During 2007–2010, flat demand in the United States, Western Europe and Japan (caused by the cessation of vitamin C manufacture, but also by the general economic downturn) was overshadowed by high demand in other countries and regions such as Indonesia, India, Taiwan, China and the Middle East.
The following pie chart shows world consumption of sorbitol:
China is the largest single consumer of sorbitol, accounting for over one-third of world consumption in 2010; it also accounted for 33% and 39% of world capacity and production, respectively, in 2010. During 2007–2010, consumption of sorbitol in China grew at an average annual rate of just over 6%. Chinese production of vitamin C currently accounts for 90–95% of world output. This trend is expected to continue during 2010–2015, as significant growth in Chinese demand will result in increased production. However, growth in Chinese demand during 2010–2015 is expected to slow.
Consumption of sorbitol in developing markets, such as the Middle East and Central and South America, is expected to be rapid; personal care products and food and confections are the main growth areas.
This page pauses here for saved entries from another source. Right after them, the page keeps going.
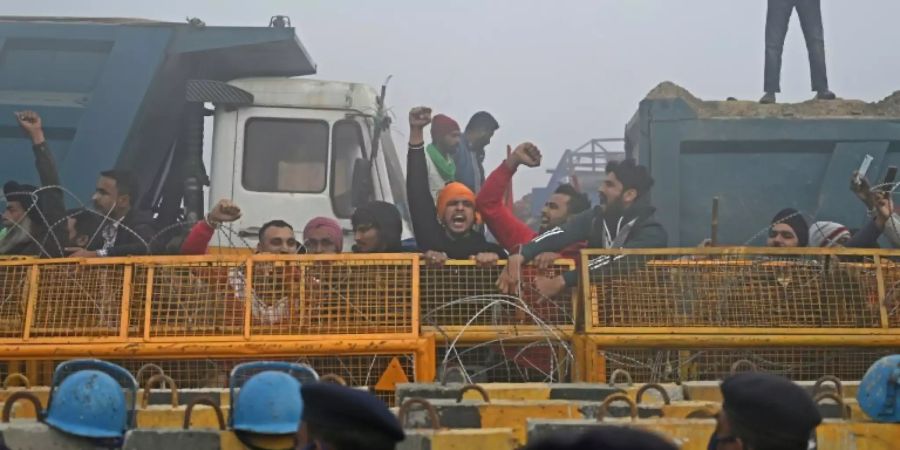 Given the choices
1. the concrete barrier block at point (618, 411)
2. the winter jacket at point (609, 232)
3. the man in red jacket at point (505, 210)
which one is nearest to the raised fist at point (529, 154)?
the man in red jacket at point (505, 210)

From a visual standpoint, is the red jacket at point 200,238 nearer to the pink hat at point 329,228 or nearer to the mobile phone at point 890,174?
the pink hat at point 329,228

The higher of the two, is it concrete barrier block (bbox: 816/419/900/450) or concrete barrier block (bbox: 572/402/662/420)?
concrete barrier block (bbox: 572/402/662/420)

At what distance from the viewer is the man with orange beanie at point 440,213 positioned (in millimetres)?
→ 6430

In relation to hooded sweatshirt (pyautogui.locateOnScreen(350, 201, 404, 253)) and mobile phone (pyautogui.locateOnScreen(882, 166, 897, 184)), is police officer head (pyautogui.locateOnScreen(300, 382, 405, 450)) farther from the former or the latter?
mobile phone (pyautogui.locateOnScreen(882, 166, 897, 184))

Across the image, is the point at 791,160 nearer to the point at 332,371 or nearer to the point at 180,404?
the point at 332,371

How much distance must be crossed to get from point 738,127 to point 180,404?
4.27 m

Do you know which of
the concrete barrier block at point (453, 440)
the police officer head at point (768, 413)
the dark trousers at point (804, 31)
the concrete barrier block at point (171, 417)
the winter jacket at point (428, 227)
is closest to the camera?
the police officer head at point (768, 413)

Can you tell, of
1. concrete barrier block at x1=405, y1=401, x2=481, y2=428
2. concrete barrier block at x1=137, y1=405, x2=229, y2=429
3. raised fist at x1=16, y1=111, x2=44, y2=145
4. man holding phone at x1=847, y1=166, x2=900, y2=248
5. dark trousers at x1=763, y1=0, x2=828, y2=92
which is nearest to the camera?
concrete barrier block at x1=405, y1=401, x2=481, y2=428

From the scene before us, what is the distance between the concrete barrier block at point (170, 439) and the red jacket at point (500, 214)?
3.14 metres

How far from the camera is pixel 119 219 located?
23.5 feet

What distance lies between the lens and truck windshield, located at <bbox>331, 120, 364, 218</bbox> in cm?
762

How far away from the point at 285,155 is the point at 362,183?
0.54 m

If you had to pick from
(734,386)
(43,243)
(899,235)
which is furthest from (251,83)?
(734,386)

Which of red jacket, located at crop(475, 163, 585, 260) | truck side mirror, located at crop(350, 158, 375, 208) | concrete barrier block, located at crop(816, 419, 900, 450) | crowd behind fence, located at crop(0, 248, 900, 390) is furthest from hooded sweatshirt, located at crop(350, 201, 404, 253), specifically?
concrete barrier block, located at crop(816, 419, 900, 450) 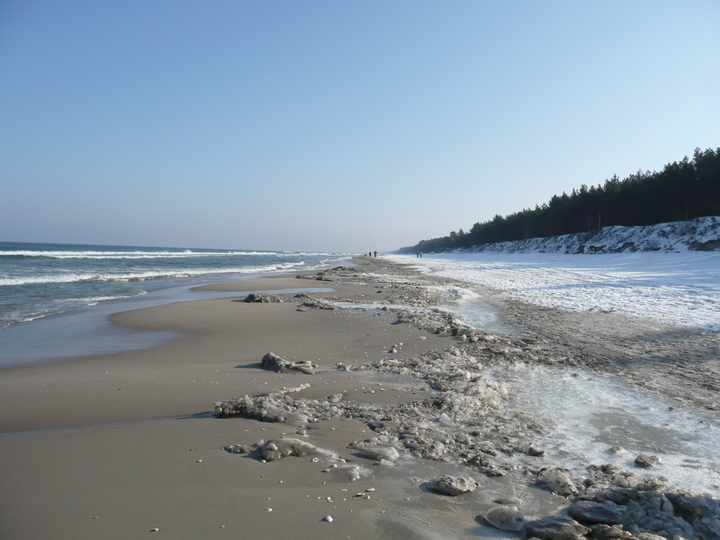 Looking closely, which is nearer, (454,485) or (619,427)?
(454,485)

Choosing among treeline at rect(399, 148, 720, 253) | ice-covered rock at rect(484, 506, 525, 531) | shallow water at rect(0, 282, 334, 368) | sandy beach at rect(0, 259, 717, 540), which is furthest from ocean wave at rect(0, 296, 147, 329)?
treeline at rect(399, 148, 720, 253)

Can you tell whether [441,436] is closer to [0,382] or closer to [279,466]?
[279,466]

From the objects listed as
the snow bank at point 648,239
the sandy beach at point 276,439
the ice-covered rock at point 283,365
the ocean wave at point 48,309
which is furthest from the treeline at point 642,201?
the ocean wave at point 48,309

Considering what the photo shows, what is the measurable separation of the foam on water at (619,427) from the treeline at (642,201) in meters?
46.5

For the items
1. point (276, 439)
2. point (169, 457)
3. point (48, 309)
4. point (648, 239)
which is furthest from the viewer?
point (648, 239)

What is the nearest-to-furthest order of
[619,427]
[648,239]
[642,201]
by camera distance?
[619,427]
[648,239]
[642,201]

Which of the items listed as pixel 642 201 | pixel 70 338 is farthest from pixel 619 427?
pixel 642 201

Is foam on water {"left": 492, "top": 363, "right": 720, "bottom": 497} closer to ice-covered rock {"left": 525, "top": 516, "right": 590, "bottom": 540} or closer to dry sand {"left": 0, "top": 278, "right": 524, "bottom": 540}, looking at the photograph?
ice-covered rock {"left": 525, "top": 516, "right": 590, "bottom": 540}

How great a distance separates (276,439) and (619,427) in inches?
132

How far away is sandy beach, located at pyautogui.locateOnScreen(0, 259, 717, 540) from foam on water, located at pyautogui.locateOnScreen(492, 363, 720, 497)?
248mm

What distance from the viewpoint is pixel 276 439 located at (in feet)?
10.7

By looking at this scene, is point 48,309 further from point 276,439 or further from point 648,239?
point 648,239

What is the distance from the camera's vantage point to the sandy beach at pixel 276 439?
7.70 ft

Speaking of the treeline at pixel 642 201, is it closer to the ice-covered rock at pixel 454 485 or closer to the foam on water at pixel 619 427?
the foam on water at pixel 619 427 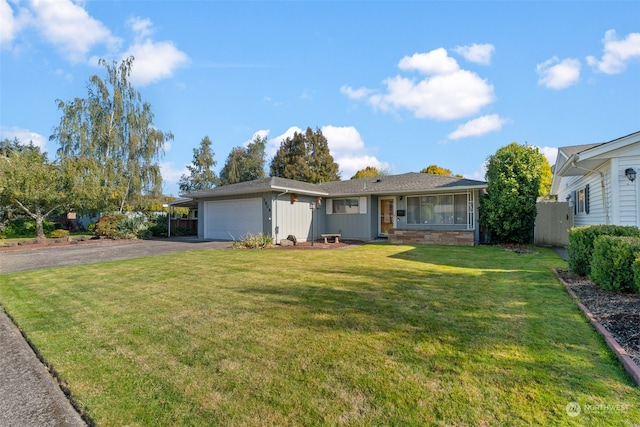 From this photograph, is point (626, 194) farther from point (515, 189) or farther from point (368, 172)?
point (368, 172)

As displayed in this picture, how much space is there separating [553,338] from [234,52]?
40.3 feet

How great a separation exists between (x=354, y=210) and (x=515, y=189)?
23.4 feet

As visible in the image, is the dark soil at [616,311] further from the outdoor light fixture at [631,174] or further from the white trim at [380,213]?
the white trim at [380,213]

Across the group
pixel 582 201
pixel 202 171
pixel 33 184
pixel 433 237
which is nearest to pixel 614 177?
pixel 582 201

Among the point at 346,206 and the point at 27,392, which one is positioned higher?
the point at 346,206

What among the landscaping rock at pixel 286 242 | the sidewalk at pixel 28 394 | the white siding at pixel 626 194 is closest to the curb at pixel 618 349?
the sidewalk at pixel 28 394

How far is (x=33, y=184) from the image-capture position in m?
15.6

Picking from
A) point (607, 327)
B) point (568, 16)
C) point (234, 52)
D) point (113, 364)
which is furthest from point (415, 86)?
point (113, 364)

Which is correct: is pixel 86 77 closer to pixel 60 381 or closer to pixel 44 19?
pixel 44 19

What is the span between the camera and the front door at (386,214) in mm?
16039

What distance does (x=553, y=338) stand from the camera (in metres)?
3.17

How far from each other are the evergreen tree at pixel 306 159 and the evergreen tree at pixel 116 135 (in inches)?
604

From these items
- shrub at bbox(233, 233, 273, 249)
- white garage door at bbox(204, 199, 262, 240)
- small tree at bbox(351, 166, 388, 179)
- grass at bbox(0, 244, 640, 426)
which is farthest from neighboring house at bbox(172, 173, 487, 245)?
small tree at bbox(351, 166, 388, 179)

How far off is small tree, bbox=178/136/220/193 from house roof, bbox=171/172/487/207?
797 inches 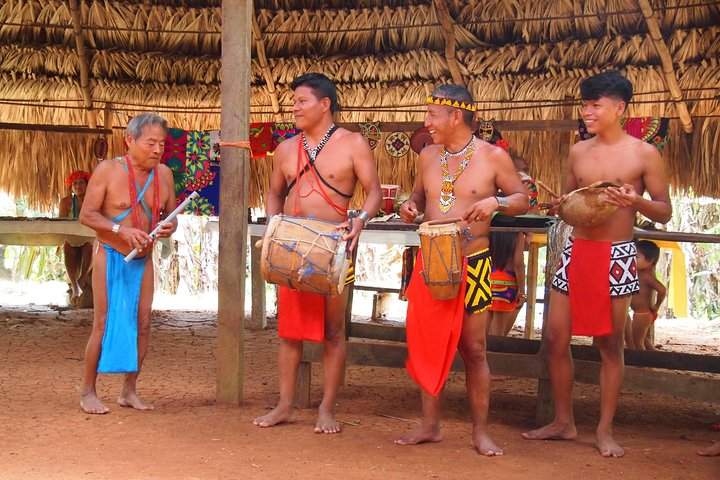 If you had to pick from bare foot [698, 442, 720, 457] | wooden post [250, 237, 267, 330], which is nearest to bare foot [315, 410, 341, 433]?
bare foot [698, 442, 720, 457]

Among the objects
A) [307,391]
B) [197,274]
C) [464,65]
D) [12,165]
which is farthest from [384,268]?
[307,391]

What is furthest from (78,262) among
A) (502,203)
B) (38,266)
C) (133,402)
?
(502,203)

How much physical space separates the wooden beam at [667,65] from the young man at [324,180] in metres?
4.15

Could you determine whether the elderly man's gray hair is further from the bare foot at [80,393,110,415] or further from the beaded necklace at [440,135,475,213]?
the beaded necklace at [440,135,475,213]

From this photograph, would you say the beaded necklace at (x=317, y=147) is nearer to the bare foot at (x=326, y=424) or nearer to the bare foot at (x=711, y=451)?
the bare foot at (x=326, y=424)

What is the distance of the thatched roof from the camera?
8109 mm

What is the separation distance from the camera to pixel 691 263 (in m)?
10.9

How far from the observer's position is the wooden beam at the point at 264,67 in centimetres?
906

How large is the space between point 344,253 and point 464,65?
5470 mm

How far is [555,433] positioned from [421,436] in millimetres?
686

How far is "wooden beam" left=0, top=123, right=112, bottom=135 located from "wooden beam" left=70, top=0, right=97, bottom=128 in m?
0.16

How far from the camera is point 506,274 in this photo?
639 centimetres

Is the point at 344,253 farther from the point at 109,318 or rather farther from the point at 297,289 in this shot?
the point at 109,318

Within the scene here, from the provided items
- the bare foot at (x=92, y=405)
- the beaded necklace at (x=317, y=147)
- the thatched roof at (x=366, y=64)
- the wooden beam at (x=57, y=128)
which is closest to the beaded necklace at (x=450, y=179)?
the beaded necklace at (x=317, y=147) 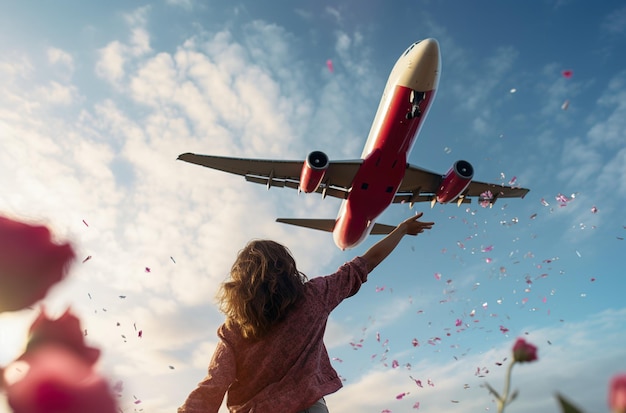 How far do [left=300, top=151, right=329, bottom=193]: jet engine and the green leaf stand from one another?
16.3m

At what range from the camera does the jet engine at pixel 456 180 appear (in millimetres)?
18422

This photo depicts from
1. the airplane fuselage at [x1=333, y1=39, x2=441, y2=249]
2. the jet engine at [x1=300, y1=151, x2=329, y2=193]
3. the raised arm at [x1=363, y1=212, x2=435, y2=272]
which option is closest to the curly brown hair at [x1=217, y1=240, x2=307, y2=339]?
the raised arm at [x1=363, y1=212, x2=435, y2=272]

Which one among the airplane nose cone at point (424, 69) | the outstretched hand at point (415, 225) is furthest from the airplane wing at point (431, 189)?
the outstretched hand at point (415, 225)

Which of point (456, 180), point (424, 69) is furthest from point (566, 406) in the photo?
point (456, 180)

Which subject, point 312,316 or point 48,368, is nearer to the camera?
point 48,368

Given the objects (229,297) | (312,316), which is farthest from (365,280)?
(229,297)

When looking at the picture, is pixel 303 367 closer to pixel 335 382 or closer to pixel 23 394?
pixel 335 382

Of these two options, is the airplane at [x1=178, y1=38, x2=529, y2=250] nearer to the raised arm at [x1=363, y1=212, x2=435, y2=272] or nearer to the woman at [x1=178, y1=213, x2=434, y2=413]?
the raised arm at [x1=363, y1=212, x2=435, y2=272]

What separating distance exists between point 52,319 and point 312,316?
3.07 m

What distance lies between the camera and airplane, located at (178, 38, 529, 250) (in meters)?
16.3

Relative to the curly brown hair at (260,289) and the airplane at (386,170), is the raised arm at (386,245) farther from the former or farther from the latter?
Result: the airplane at (386,170)

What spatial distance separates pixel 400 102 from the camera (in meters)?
16.4

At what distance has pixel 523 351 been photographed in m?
0.84

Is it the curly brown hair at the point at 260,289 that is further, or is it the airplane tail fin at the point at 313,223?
the airplane tail fin at the point at 313,223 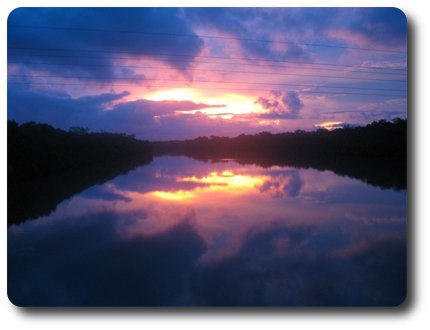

During 2010–2015, sorbitol demand in Western Europe is forecast to grow at an average annual rate of almost 1.5%. Growth in Central and Eastern Europe is expected at just over 2%, largely as a result of the increased production of personal care products. Consumption in Asian countries is expected to grow at annual rates between 0.2% (for Japan) and 3.5% (for Thailand).
Among the key findings of this report regarding the sorbitol market are the following:
- Sorbitol is at risk for substitution by competing products, mainly glycerin.
- Isosorbide (produced from sorbitol) has the potential to replace bisphenol A monomer in polycarbonates and epoxies and anything else that uses this versatile chemical.
- Prices are expected to remain firm during 2010–2015 as a result of high feedstock costs.
- The industry is shifting to high-growth and high-consuming markets such as China and other Asian countries (excluding Japan).